While I’m asking about offline services, let me ask a related question about
complete online delivery mode. When a user (mission) schedules a pass with
complete online return SLE service, how is the end of the service instance
provision period determined? Is it (a) requested by the mission in the
service request (or, for rule-based scheduling, pre-specified in the
scheduling rules), or (b) calculated by the network on a pass-by-pass basis
and configured accordingly?

As you may know, in the Blue-1 version of Service Management, the mechanism
for setting complete (as well as timely) online service instance provision
periods is through start and stop time relative offsets specified in Transfer
Service Profiles. The relative offsets are with respect to the space link
carriers with which they are attached. This allows the service instance
provision periods to “float” in the scheduling process with the flexibilities
applied to the scheduling of the space link carriers. For example, profile
RAF7 could have a start-time offset of 0 seconds, and a stop-time offset of
+300 seconds. If profile RAF7 is applied to a space link carrier profile that
is used to schedule a return space link carrier from 1100 to 1115, the RAF
service instance associated with profile RAF7 will be scheduled from 1100 to
1120 (1115 plus 5 (300 seconds)).

The Blue-1 approach may be too simplistic, and as we develop requirements for
the next generation of Service Management, I would like to collect
information on how it is actually done today, and more importantly, how it
might be better done in the future.

Thanks in advance for your help.

Best regards,
John


From: John Pietras
Sent: Thursday, February 02, 2012 4:18 PM
To: Stephen.Bernsee at gdc4s.com; 'Douglas.Barnhart at gdc4s.com'
Cc: 'Degumbia, Jonathan D. (GSFC-444.0)[OMITRON]'; Gawne, Bill
(GSFC-444.0)[HONEYWELL TECH. SOLUTIONS]
Subject: RE: Considerations for SLE and uncertain terrestrial bandwidth

Steve and Doug,
As you know, one of the special topics that’s being carried for the SM
Development WG is related to whether SM needs to know about terrestrial
bandwidth, especially with regard to playbacks. One facet that came up in the
discussion is how return SLE services are affected by bandwidth
considerations. Here are some thoughts on the affects of variable bandwidth
on SLE transfer services.

Return SLE service have three delivery modes: timely online, complete online,
and offline.

      1.       In the timely online mode, the SLE service instance attempts
      to send the data units (e.g., transfer frames) across the TCP
      connection as soon as it gets the data units (i.e., at the downlink
      rate). However, if the link under the TCP connection doesn’t have a
      matching data capacity, the SLE service instance will discard data that
      can’t be sent, based on a service-management-configured parameter. If
      the terrestrial comm link is running at slightly above the downlink
      rate (slightly above accounts for SLE overhead) and the link is clean,
      all frames will normally get transferred and only if the network
      experiences unanticipated (temporary) congestion will frames be
      discarded. So not all frames are guaranteed to get through, but those
      that do are guaranteed to be delivered within a defined latency (hence
      “timely”). As far as SM is concerned, it doesn’t matter if the SLE
      service is given more time than the contact – it couldn’t transfer any
      more data if it had the extra time. However, if the event is scheduled
      such that it competes for the terrestrial bandwidth with other events,
      then the MOC will experience data loss as the service instance
      routinely discards because of the too-low available bandwidth.

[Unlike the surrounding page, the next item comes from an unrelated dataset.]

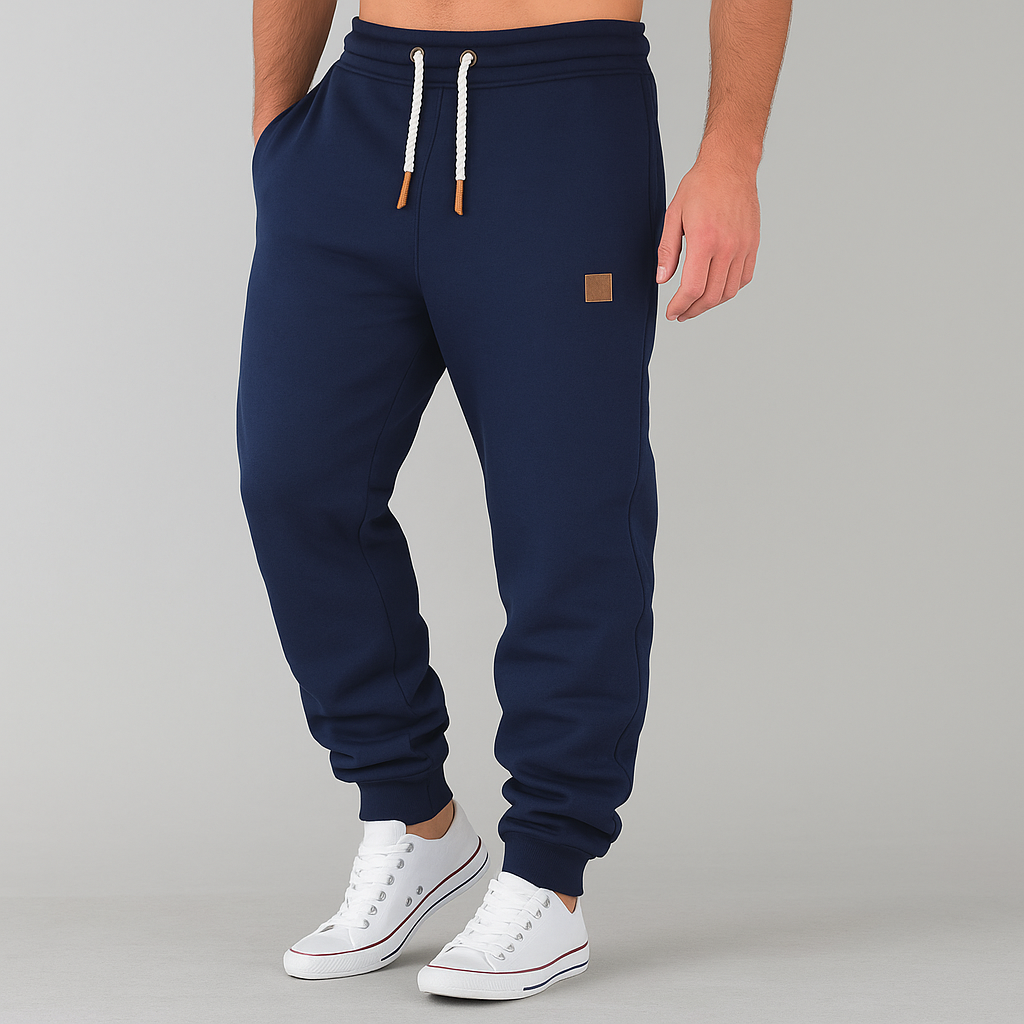Constantin | Herren Leicht Baggy Jogginghose | Verstellbar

      2.       In the complete online mode, the SLE service instance also
      attempts to send the data units across the TCP connection as soon as it
      gets the data units, but if the link under the TCP connection doesn’t
      have a matching data capacity, the SLE service instance will buffer
      data until it can be sent, as long as the service instance is enabled.

      In the SLE transfer service specifications, the time during which the
      service instance is scheduled to be provided (and thus enabled) is the
      service instance provision period. The SLE transfer service
      specifications do not say how the service instance provision period is
      to be specified in the Service Package. In SCCS-SM, the transfer
      service profiles specify relative offsets from the space link carriers
      with which they are attached. This allows the service instance
      provision periods to “float” in the scheduling process with the
      flexibilities applied to the scheduling of the space link carriers. For
      example, profile RAF7 could have a start-time offset of 0 seconds, and
      a stop-time offset of +300 seconds. If profile RAF7 is applied to a
      space link carrier profile that is used to schedule a return space link
      carrier from 1100 to 1115, the RAF service instance associated with
      profile RAF7 will be scheduled from 1100 to 1120 (1115 plus 5 (300
      seconds)). Note that we made the start and stop offsets respecifiable
      so that, for example, for a particular Service Package Request the UM
      could change the RAF 7 stop-time offset to +600 seconds for that
      particular request.

      Note, too, that in SCCS-SM the online SLE transfer services are
      considered part of the Service Package, so the Service Package does not
      stop executing (i.e., “end”) until the completion of the last-ending
      space link carrier or SLE transfer service.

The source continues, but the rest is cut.